バイトが終わった直後、携帯電話が鳴った。液晶には実家の電話番号が表示された。ミユキは携帯しかもっていない。親にはバイトの時間を伝えてあるので、電話はその時間を避けてかかってくる。
電話に出ると、母の声で、
「驚かないでね」
と言われた。ミユキは淡々と聞いた。
父の経営する工場が不渡りを出して休業中であること。
今までは、学費だけは父が出してくれたが、今後は難しいこと。
高3の弟は進学を諦めて働くと言っていること。
電話を切って考えた。弟に進学を諦めさせ、自分が大学を続けるというのはどうしたものか。続けるにしても、自力で学費を稼ぐにはコンビニの時給では無理だ。できたら家に仕送りするくらいは欲しい。
バイト雑誌に目を通した。夕方から働けて時給のいい仕事。お水系しかない。こんな地味顔なのに、そんなところで働けるだろうか。
キャバクラみたいな場所は難しそうなので、小さなカウンターバーに応募してみた。面接した派手なママが一言。
「地味ね」
ああやっぱり。
「他の働き口なら紹介してもいいわよ。稼げればいいんでしょう」
ママはそう言って、目の前で携帯をかけ始めた。
「ナカガワさん、この前、地味系の女の子探していると言っていたでしょう。いい子が見つかったのよ。紹介するわよ」
ミユキは震えた。怪しい商売の人に売り飛ばされたりするのだろうか。
「そんな心配しなくても大丈夫よ。画廊や宝石店を経営している立派な人よ。あんたお水無理そうだし」
ママはナカガワという人の名刺を見せてくれた。
30分ほどして、50歳くらいの体格のいい中年男が現われた。ミユキの父と同じくらいだろうか。
「学費の払えないかわいそうな女子大生よ」
とママは紹介した。
「それは気の毒に」
男はじろじろミユキを眺めた。帰りたくなった。
「今時めずらしいくらいすれていないね。お嬢さん、うちのお店は駅からわかりにくい場所にあってね。初めてのお客様は駅まで迎えに行かないといけないんだよ。お客さんを迎えに行く仕事も含めて、日給最低2万、売上から歩合をつけるから、その倍くらいにはなるよ」
本当だろうか。本当なら家に仕送りもでき、弟の学費も払ってやれる。ミユキは顔を上げた。

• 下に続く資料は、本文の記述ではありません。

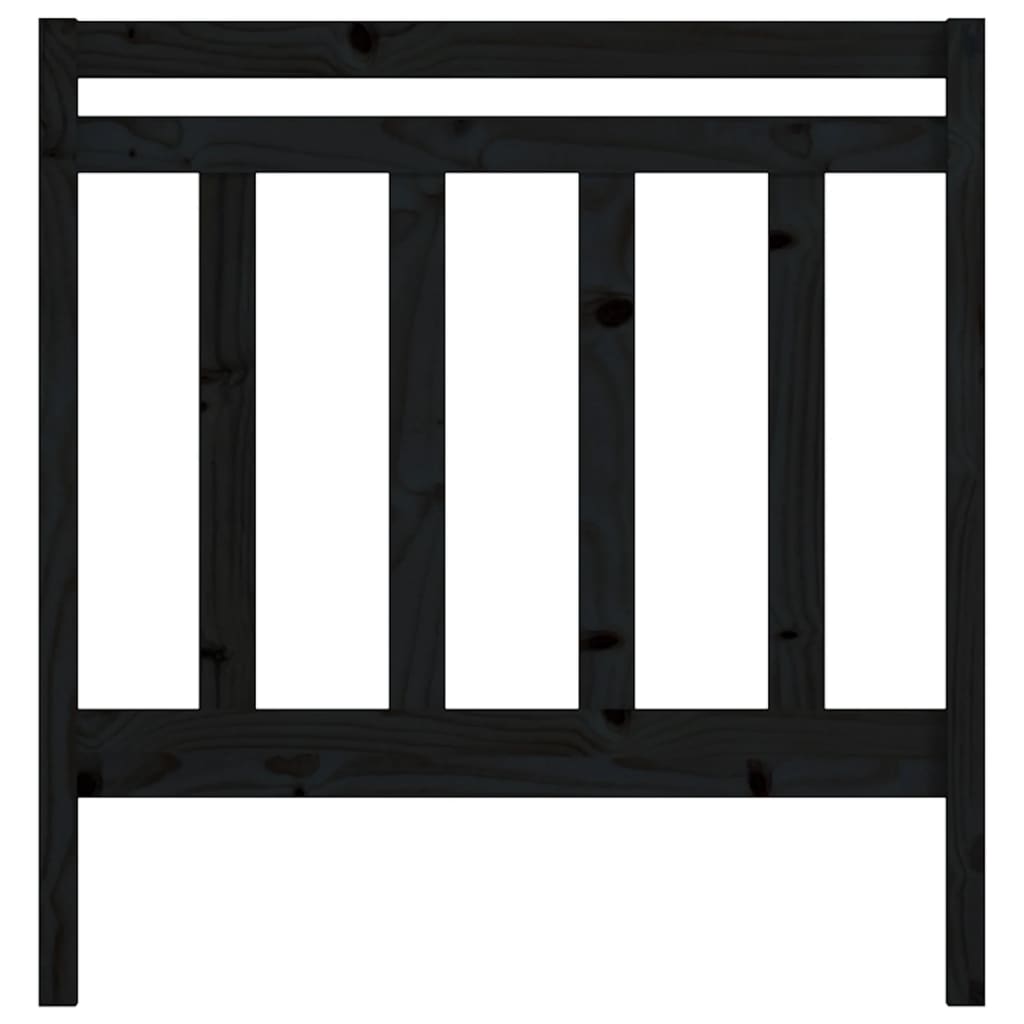 Hoofdbord 95X4X00 Cm Massief Grenenhout 95 x 100 cm Zwart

11月25日の記事。展開が早いです。いかにもあやすいですが、日給2万はやりすぎだったかも知れません。これまでは次どんな話にするか全然考えなかったのですが、この時は
「次の話はこうしよう」
と考えていました。その次までは考えませんでしたが、長編化の予感が漂い始めていました。